You were well established in your career when you came to the conclusion you needed to change your life. So, you rearranged your priorities to give 20 percent to your company and 80 percent to a new endeavor—to start something called Leadership Network. How did you arrive at this decision and why was it so important to move in this direction?
A seminal moment was when my assistant, 15 years older than I was, said to me that I was frightening to her. I said, “Say more.” She said, “I think you’re going to lose some things of value to you in this chase for making more money.” To me, business, I’d been in business for 20 years—the major purpose was to prove I could do it. If you look at Tom Brady, he knows he’s a good football player and has a great looking wife and won three Super Bowls. Why sign up for a concussion next Sunday? As I thought about what my secretary said, it caused me to think about my non-negotiables. It turned out there were three: that I stay married to the same person and raise my son to be better than I was. The second was personal development. The third had to do with money. I wrote down I wanted, in my life, to make a certain amount of net worth. I wanted to escape the pathological side of wealth and satisfy a much more important thing to do.

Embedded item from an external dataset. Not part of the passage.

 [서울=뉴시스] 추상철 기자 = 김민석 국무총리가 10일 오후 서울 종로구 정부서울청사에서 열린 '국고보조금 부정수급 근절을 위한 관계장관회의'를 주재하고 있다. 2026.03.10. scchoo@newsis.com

I’d been there and done that and didn’t need to do it again. What was vastly more important was my faith. The question for me, the tension in my life, was not what I believed but what I was going to do about what I believed. And subordinate to that, when I was going to do it.
His encouragement led you to form the aforementioned Leadership Network. What influence has this organization had on the mega-church movement here in America?

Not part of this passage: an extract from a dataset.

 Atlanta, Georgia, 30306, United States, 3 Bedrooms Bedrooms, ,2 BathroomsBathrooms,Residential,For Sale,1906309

Peter said the objective is to make a church more churchlike. The mission is set down in the great commission and other places in the Bible. It’s clear what God wants people to do. So the missing piece was how to go about doing it. How to bring a church up to scale—basically to scale the church to the place of need in the community, rather than tapping out at 200 people, which pays the bills. He once told me that your job is to transform the latent energy in American Christianity to active energy. And everything I do is in that realm. We’re not in the Bible study business because that’s well served. We’re not in church operating business because there are 300,000 churches in America.
We find the people interested in learning how to do that (make a church scalable) and let them teach one another. Lo and behold, 30 years later, we’re still doing that.
The subtitle of your book is “What a Texas Entrepreneur Learned from the Father of Modern Management”. Do you think the two of you were successful and continue to be so with your plan?
Yes, and I’ll tell you why. It’s really not our success. Peter taught me a set of values. Two of them are this: you’re going to build on islands of health and strength and let them do the work.
We did some unpublished research once, a group of six or seven seminaries got nervous about large churches and asked us to do a survey. We sent a nice lady on the road for nine months. Her first question as, “What did you learn in seminary?” It was a half page of study subjects. Languages and stuff you ought to learn in seminary. Then she asked, “And what did you not learn that, now that you’re a practicing pastor, you wish you’d learned?” It was like a business school: How to understand my customer, how to market myself, hire the right people, be clear about your mission and how to go about it. It was my original dream, and they wanted it. And they told us that. So we did it.
As an author, what’s your greatest hope for Drucker and Me?
My hope is to just channel Peter Drucker to people that can use his way of thinking. There’s a quote from Mother Teresa. She once said, “I am a little pencil in God’s hand.” That’s what I have tried to be.